2006年12月12日(火)  3分の1萌え。(前編)
 
鹿児島から懐かしい女友達が東京に遊びに来たというので、まぁちょっとお茶でもしましょうということで渋谷。彼女は、僕がモノ書きを始めたあたりによく飲んでいた友人で、このたび本を出版したということにとても喜んでいた。とても喜んでいたので「月刊男心」をプレゼントした。
 
どっかオススメスポットある? と言われて、東京に住んで数年経つけど、僕はたいてい部屋の中で文学しているので東京のオススメスポットなんて言われてもよくわからない。うんと、どこ行きたい? と言うと、カメラ買いたいと言うので、じゃあアキバ行こう。と、うら若き女性をアキバに連れて行きました。
 
カメラも買って、さぁお茶でもしようかということになり、アキバでお茶といったらメイド喫茶。アキバで1・2を争う人気店へ。

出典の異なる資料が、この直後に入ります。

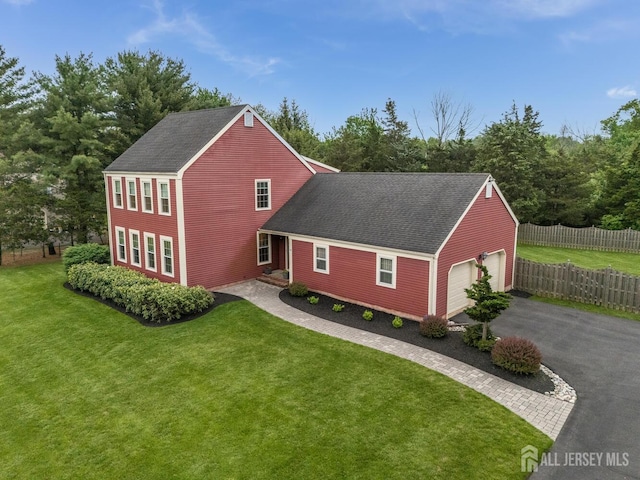 26 Magnolia Rd, Franklin Twsp, NJ 08873 - view of home's exterior with roof with shingles, asphalt driveway, and an attached garage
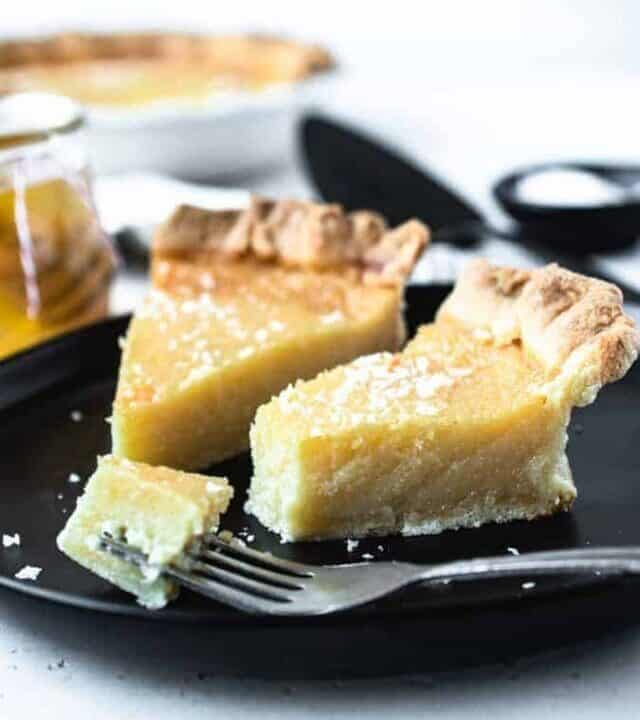 2 slices of salted honey pie on a black plate with a bite taken out of one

「おかえりなさいませご主人様〜」と、満員の店内を妻の10分の1可愛いメイドさんに案内されて、私オムライス、じゃあ僕はケーキセット。と注文を済ませ、周りの客を見るととても幸せそうだ。
 
「夜のお店に来る男の人達と表情が全然違うわね。みんな幸せそうに緩みきってる」
 
水商売の経験がある彼女は呆然と周囲を眺めてそう言った。夜のお店に来る男は、もうちょっとキリッとした顔をしているらしい。なるほどね。そうかもしれん。と、窓に映った僕の顔も緩みきっている。さぁケーキとオムライスきた。いただきまーす。
 
「ダメですっ! そのイチゴさん、冷凍だから割れないのですっ!」
 
ちょーーービックリした。ケーキの上に乗ってるイチゴをフォークで突ついていたら突然メイドさんに怒られた。な、なんなんだビックリした。冷凍だから割れないってまぁ意味がわからなくもないけど、別にそんなこと言われなくたってこっちでどうにか対処しますよ。と、思ったけれど、ここはそういう世界なんです。
 
とにかくすごい世界。隣の客の注文したコーラにメイドが両手をかざして、「ムシバになぁれぇ〜、ムシバになぁれぇ〜」と言っていたり、500円の別料金を支払ってメイドと二人でUNOを興じたりしている。店内にはステージが設置されてあって、やっぱり500円の別料金を支払った客が、メイドと一緒に写真を撮ったりしている。
 
すごい世界だ。これはすごい世界だ。遠い鹿児島からこんな世界に連れてきてしまった。彼女と一緒に店内をキョロキョロしながらアンダーグラウンドな世界に沈んでいくのであった。